**WORK ORDER:**
Output range, inclusive: from the line containing "스톤아일랜드 올드이펙트 셔츠 파스텔블루(L) 상품이미지2" to the line containing "NICARAGUA 1862-1960's Duplicated". Restate those lines from the data below word for word and only those.

**EXERCISE INPUTS:**
Content starts
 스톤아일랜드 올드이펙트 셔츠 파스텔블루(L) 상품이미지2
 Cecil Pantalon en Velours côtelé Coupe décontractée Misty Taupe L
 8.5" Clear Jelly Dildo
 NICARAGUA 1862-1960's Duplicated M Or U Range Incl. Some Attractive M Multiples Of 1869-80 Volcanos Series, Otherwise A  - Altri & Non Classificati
Content ends
Content starts
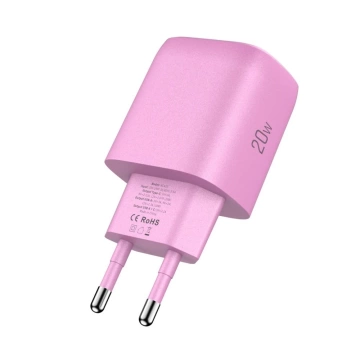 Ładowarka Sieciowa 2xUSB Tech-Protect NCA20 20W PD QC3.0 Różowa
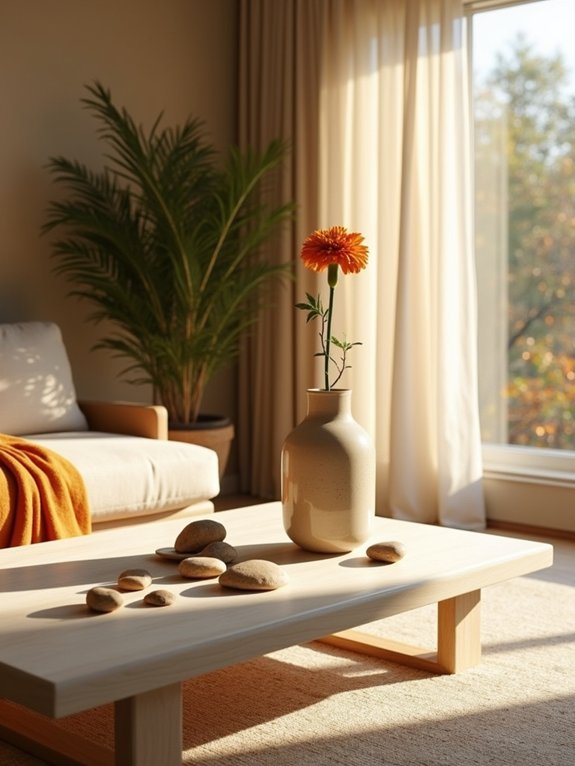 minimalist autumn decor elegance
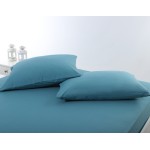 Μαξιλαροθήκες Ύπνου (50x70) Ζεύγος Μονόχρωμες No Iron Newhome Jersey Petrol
Content ends
**RESULT FOR THIS EXERCISE:**
 스톤아일랜드 올드이펙트 셔츠 파스텔블루(L) 상품이미지2
 Cecil Pantalon en Velours côtelé Coupe décontractée Misty Taupe L
 8.5" Clear Jelly Dildo
 NICARAGUA 1862-1960's Duplicated M Or U Range Incl. Some Attractive M Multiples Of 1869-80 Volcanos Series, Otherwise A  - Altri & Non Classificati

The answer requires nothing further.